Illuminating information is furnished on the Jewish world view. The author mentions (among other things): appreciation of learning, emphasis on the family, involvement in ‘Jewish causes’ (p. 35), concern about assimilation, the equating of Zionism with racism, and anti-Semitism. A survey of church-synagogue relations reveals anti-Jewish sentiments in the Roman Catholic Church and the Orthodox Church as well as in the Protestant churches over many centuries up to the present time. This is a sad story, but it should be told.

The present war situation in the Middle East is referred to. The press coverage is described as one-sided (p. 71). The impracticability of the solution of a secular democratic state is exposed. The military victory of Israel in 1967 when she was largely isolated and the significant fashion in which God subsequently worked spiritually amongst the Jews, is highlighted. Increasing numbers of Jews are accepting Jesus as Messiah. Some rabbis estimate the number from two to three thousand every year (p. 83). But there is also increased opposition in Jewish circles to evangelism and assimilation. Simultaneously there is a strong trend to ‘be thoroughly biblical as well as authentically Jewish’ in commitment to Jesus Christ (p. 84). In the USA congregations or synagogues are formed in Jewish communities. This helps to ‘resolve the tension between Jewish openness to Jesus’ message and Jewish resistance to evangelism and assimilation’ (p. 85). It is estimated that ‘being Jewish is important’ for 89% of the Jewish people (p. 88). This does not imply ‘exclusiveness’. In messianic synagogues ‘gentile Christians are completely welcome’ (p. 90). It is accepted that ‘observing the Jewish customs and ceremonies will never result in salvation, blessing, spirituality or merit’ (p. 90) and that salvation is ‘only by grace through faith in Jesus’ (p. 92).

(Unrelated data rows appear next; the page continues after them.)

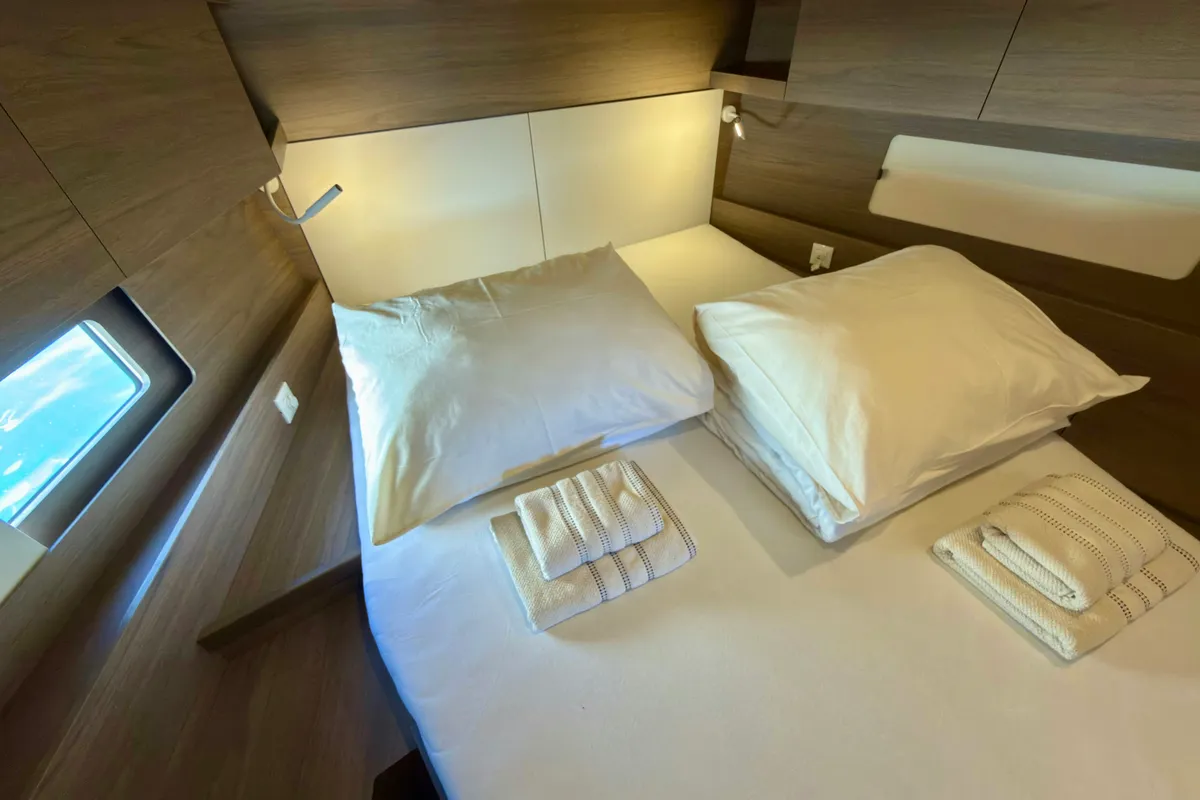 Cabin on Ocean Light, a Beneteau Oceanis 47 sailboat at Seget Donji, Croatia
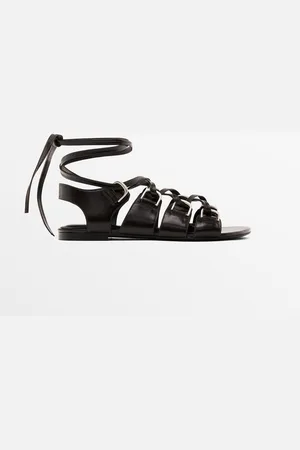Massimo Dutti Dames - Vetersandalen Met Ringen - Bruin - 40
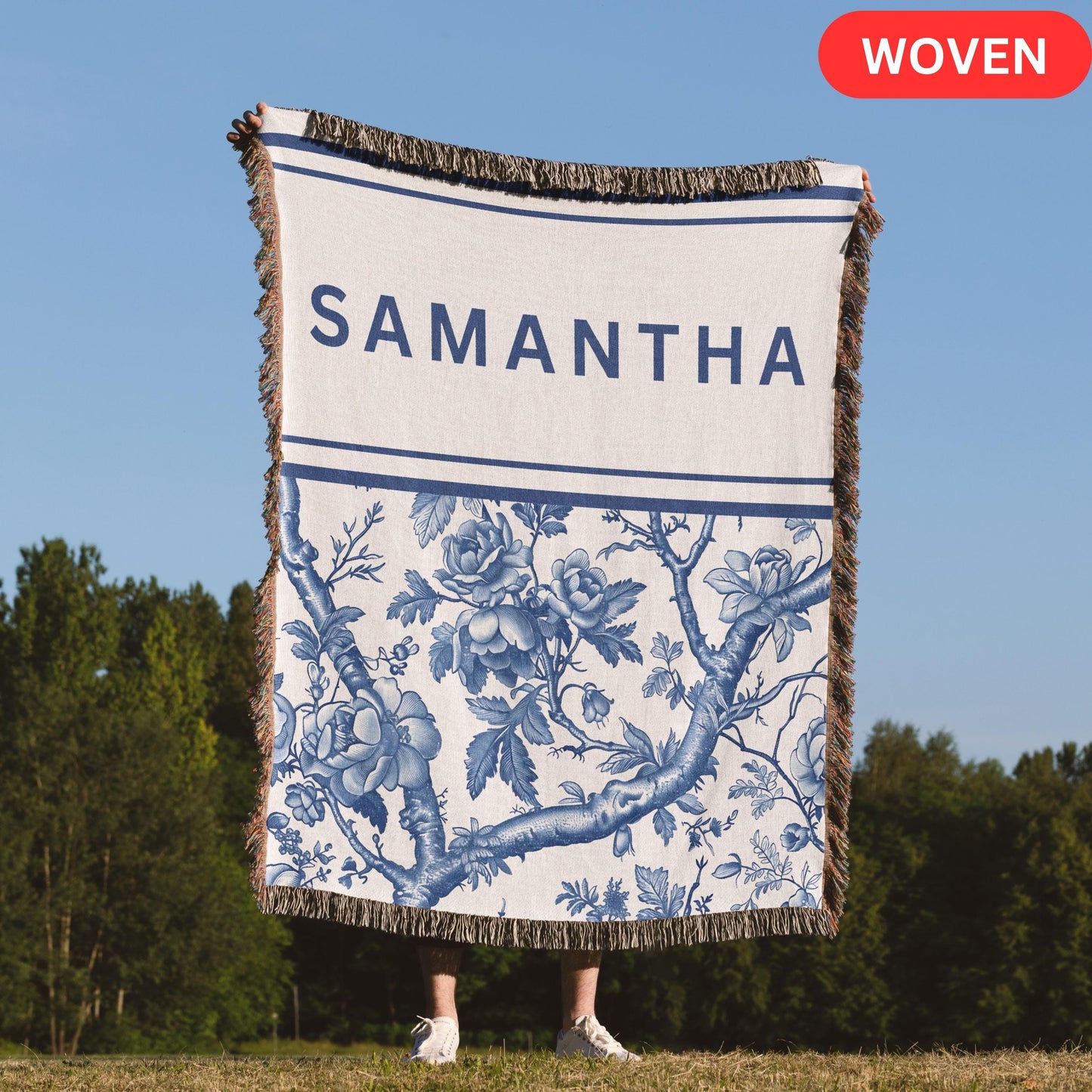 Toile De Jouy Woven Blanket, Custom Tapestry Blanket gift for friend, blanket gift for mom, floral blanket with name, woven throw blanket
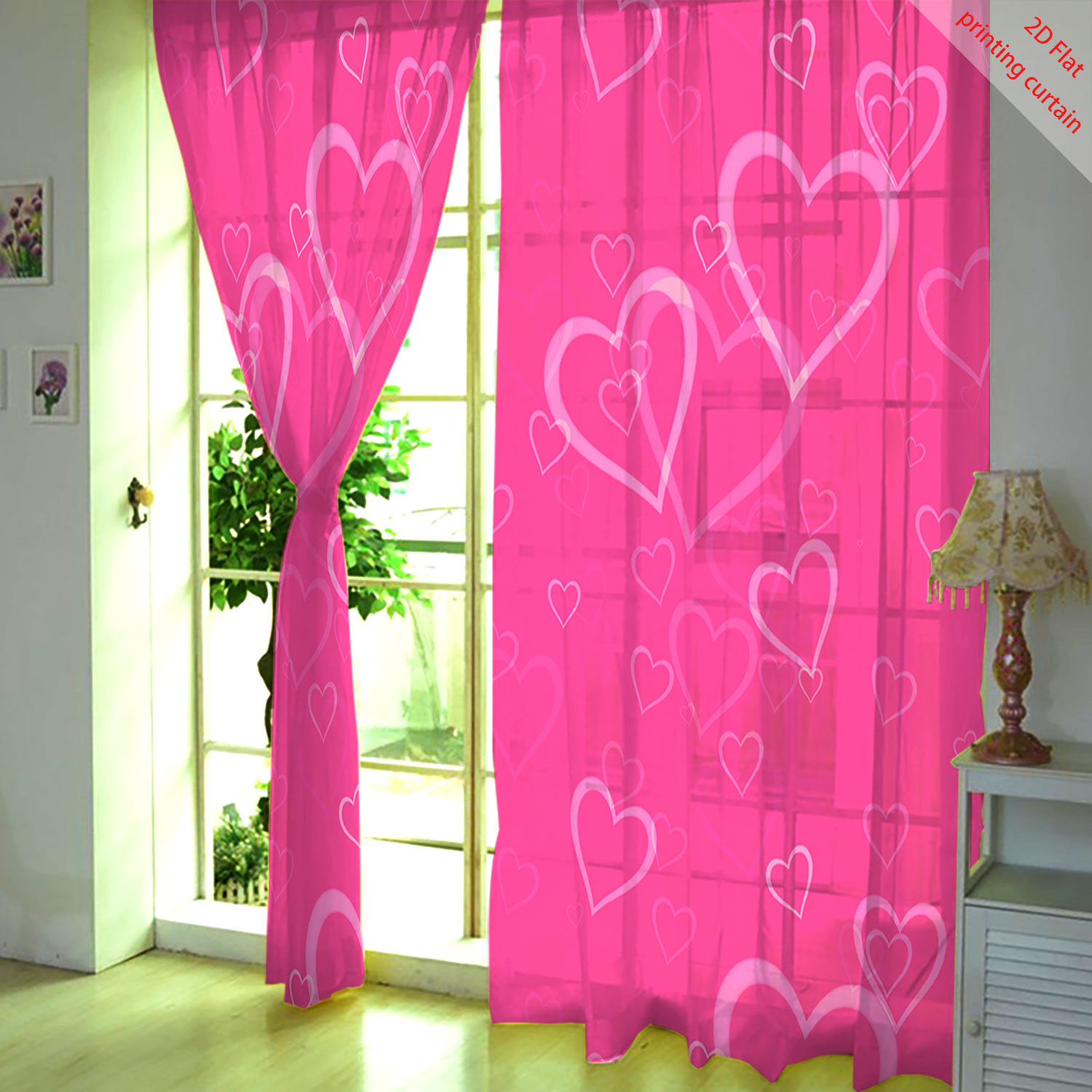 Hartvormig bedrukt transparant - Curtain Sheer Voile recensie en prijs
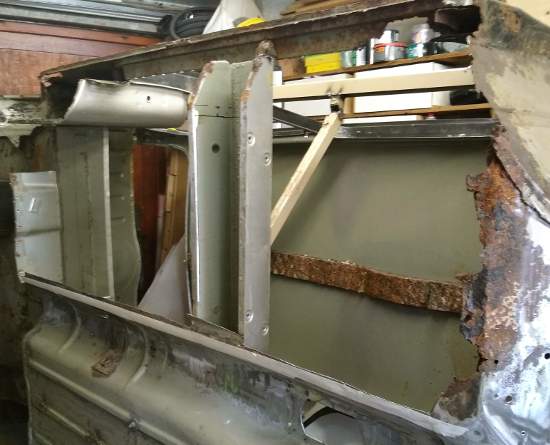 Austin Mini City - cutting a clean edge along the gearbox tunnel.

The author makes valuable practical suggestions regarding the sensitive communication of the Christian message to Jews. Some of these are: ‘the truth must be accurately communicated’, ‘friendship, trust and good will must come first’ (p. 105), ‘study the Bible together, … talk about life in all its fullness’ (p. 109). Two extensive appendices on ‘using the Jewish Bible’ and ‘Responding to questions and objectives’ are a valuable addition. This book points the way to a well-balanced, vital approach in sharing the precious message of Jesus Christ with Jewish friends.